It is important to note that these axes move with the aircraft, and change relative to the earth as the aircraft moves. For example, for an aircraft whose left wing is pointing straight down, its "vertical" axis is parallel with the ground, while its "lateral" axis is perpendicular to the ground.

Main Control Surfaces

The main control surfaces are attached to the airframe on hinges so they may move and thus deflect the air stream passing over them. This redirection of the air stream generates an unbalanced force to rotate the plane about the associated axis.

  • Ailerons - Ailerons are mounted on the back edge of each wing near the wingtips, and move in opposite directions. When the pilot moves the stick left, or turns the wheel counter-clockwise, the left aileron goes up and the right aileron goes down. A raised aileron reduces lift on that wing and a lowered one increases lift, so moving the stick left causes the left wing to drop and the right wing to rise. This causes the plane to bank left and begin to turn to the left. Centering the stick returns the ailerons to neutral maintaining the bank angle. The plane will continue to turn until opposite aileron motion returns the bank angle to zero to fly straight.
  • Elevators - An elevator is mounted on the back edge of the horizontal stabilizer on each side of the fin in the tail. They move up and down together. When the pilot pulls the stick backward, the elevators go up. Pushing the stick forward causes the elevators to go down. Raised elevators push down on the tail and cause the nose to pitch up. This makes the wings fly at a higher angle of attack which generates more lift and more drag. Centering the stick returns the elevators to neutral and stops the change of pitch.
  • Rudder - The rudder is mounted on the back edge of the fin in the tail. When the pilot pushes the left pedal, the rudder deflects left. Pushing the right pedal causes the rudder to deflect right. Deflecting the rudder right pushes the tail left and causes the nose to yaw right. Centering the rudder pedals returns the rudder to neutral and stops the yaw.

Secondary effects of controls

  • Ailerons: The ailerons primarily control bank. However because the air underneath a wing is denser than that above it, the lowering aileron causes more drag on its side than the rising aileron. Using ailerons causes a small amount of yaw to occur. This is more pronounced for light aircraft with long wings, such as gliders. It is usually counteracted by the pilot with the rudder.
  • Rudder: Using the rudder causes one wing to move forward faster than the other. Increased speed means increased lift, and hence rudder use causes a small roll effect. For this reason ailerons and rudder are generally used together on light aircraft.

Turning the aircraft

Unlike a boat, turning an aircraft is not normally carried out with the rudder. Instead the ailerons are used to bank the aircraft. The forces on the plane cause the aircraft to turn in the same direction as the bank, with a steeper bank causing a faster turn. While this is happening the nose of the aircraft has a tendency to drop, and the aircraft may also yaw, so the nose is not pointing in the direction it is flying. The elevators are used to counteract the first, and the rudder to counteract the second.
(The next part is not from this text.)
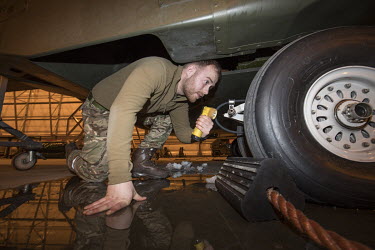 Engineer, Jack Braithwaite, examines a British Merlin helicopter in a heated hangar in the Arctic during Joint Helicopter Command training.~~845 Naval Air Squadron is a squadron of the Royal Navy's Fl...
Alternate main control surfaces

Some aircraft configurations have non-standard primary controls. For example instead of elevators at the back of the stabilizers, the entire tailplane may change angle. Most supersonic aircraft will have a fully-moving tail. Some aircraft have a tail in the shape of a V, and the moving parts at the back of those combine the functions of elevators and rudder. Delta wing aircraft may have "elevons" at the back of the wing, which combine the functions of elevators and ailerons.

Secondary control surfaces

Trimming

Trimming controls allow a pilot to balance the lift and drag being produced by the wings and control surfaces over a wide range of load and airspeed. This reduces the effort required to adjust or maintain a desired flight attitude.
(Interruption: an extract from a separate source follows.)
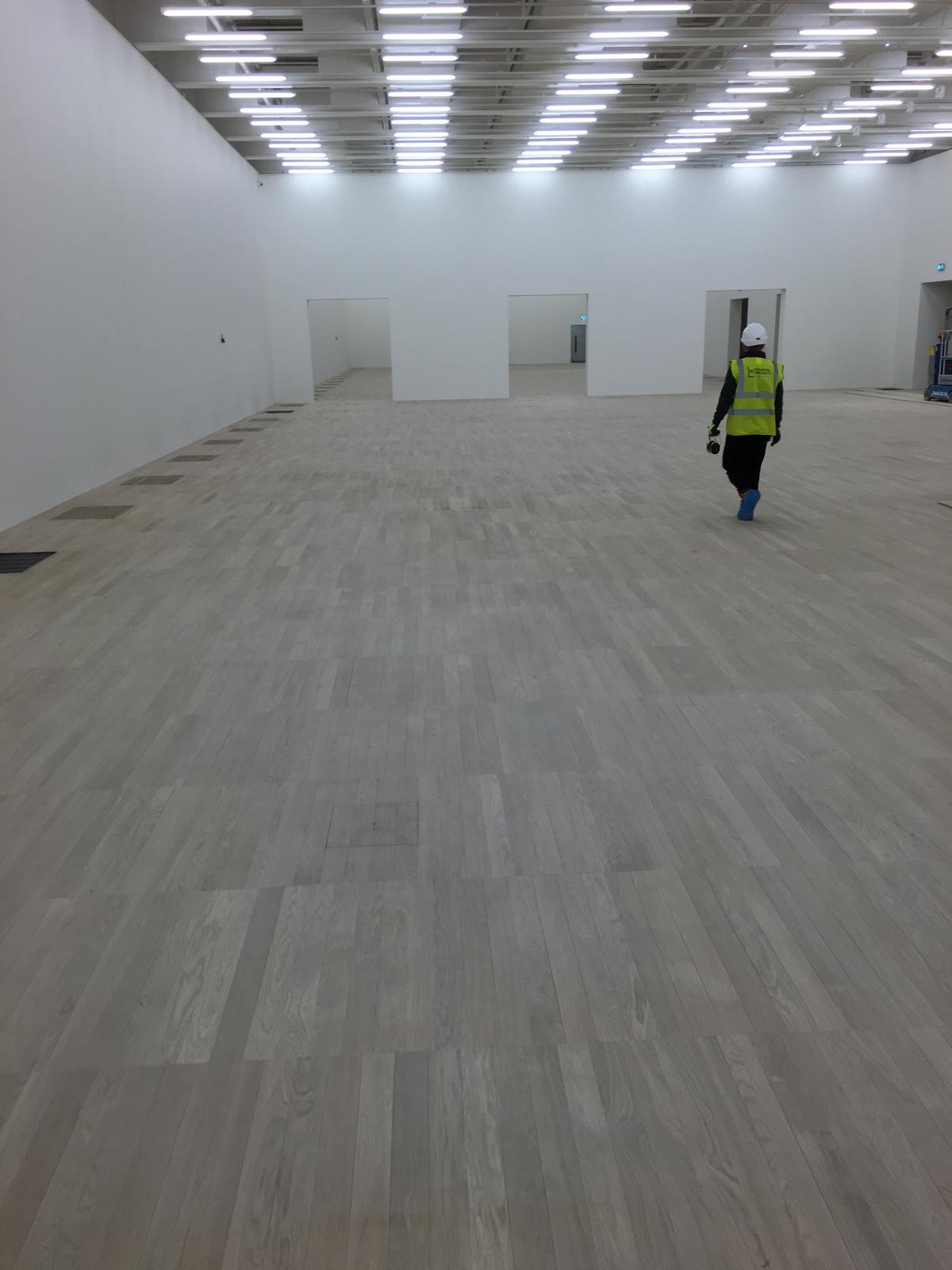 Pale timber plank flooring extending across a large white-walled interior during construction works.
  • Trim Tabs - Trim tabs are used to adjust the position of an associated main control surface. They are often hinged to the back edge of the control surface with a control in the cockpit. Some trim tabs on light aircraft are fixed sheets of metal that can be bent while the aircraft is on the ground but cannot be controlled in flight. Both types function by redirecting the air stream to generate a force which holds the main control surface in the desired position. Because they are furthest from the pivot point of the main control surface, their small aerodynamic effects are magnified by leverage to achieve the deflection of the main surface.
  • Trimming Tail Plane - Except for very light aircraft, trim tabs on elevators are unable to provide the force and range of motion desired. To provide the appropriate trim force the entire horizontal tail plane is made adjustable in pitch. This allows the pilot to select exactly the right amount of positive or negative lift from the tail plane while reducing drag from the elevators.
  • Control Horn - A control horn is a section of control surface which projects ahead of the pivot point. It generates a force which tends to increase the surface's deflection thus reducing the control pressure experienced by the pilot. Control horns may also incorporate a counterweight which helps to balance the control and prevent it from "fluttering" in the airstream. Some designs feature separate anti-flutter weights.
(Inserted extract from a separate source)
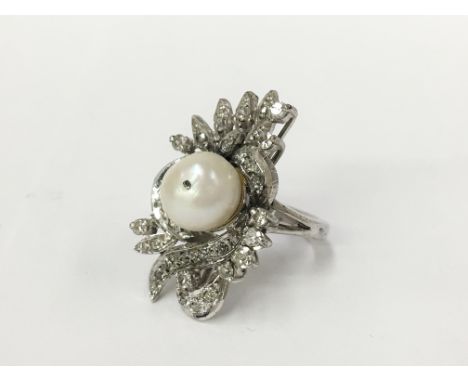 A large 14 carat white gold diamond and pearl ring, size I half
In the simplest cases trimming is done by a mechanical spring which adds appropriate force to the pilot's control.

Other Controls

  • Spoilers - On very high lift/low drag aircraft like sailplanes, spoilers are used to disrupt airflow over the wing and greatly reduce the amount of lift. This allows a glider pilot to lose altitude without gaining excessive airpeed. Spoliers are sometimes called "lift dumpers".
  • Flaps - Flaps are mounted on the back edge of each wing near the wing roots. They are deflected down to increase the effective curvature of the wing and produce additional lift, and also reduce the stalling speed of the wing. They are used during low speed, high angle of attack flight like descent for landing.
  • Slats are extensions to the front of a wing for lift augmentation, and are intended to reduce the stalling speed by altering the airflow over the wing. Slats may be fixed or retractable - fixed slats (e.g. as on the Fieseler Storch) give excellent slow speed and STOL capabilities, but compromise higher speed performance. Retractable slats, as on most airliners, allow higher lift on take off, but retract for cruising.
  • Air brakes - these are used on high speed aircraft and are intended to increase the drag of an aircraft without altering the amount of lift. Airbrakes and spoilers are sometimes the same device - on most airliners for example, the combined spoiler/airbrakes act to simultaneously remove lift and to slow the aircraft's forward motion. They are deployed on landing to assist braking the aircraft and to ensure that it stays on the ground. Mechanical braking of the wheels is assisted by both functions - the weight of the aircraft carried by its wings is transferred to the undercarriage when the lift is dumped, so there is less chance of a skid, and the airbrake effect increases the form drag of the aircraft.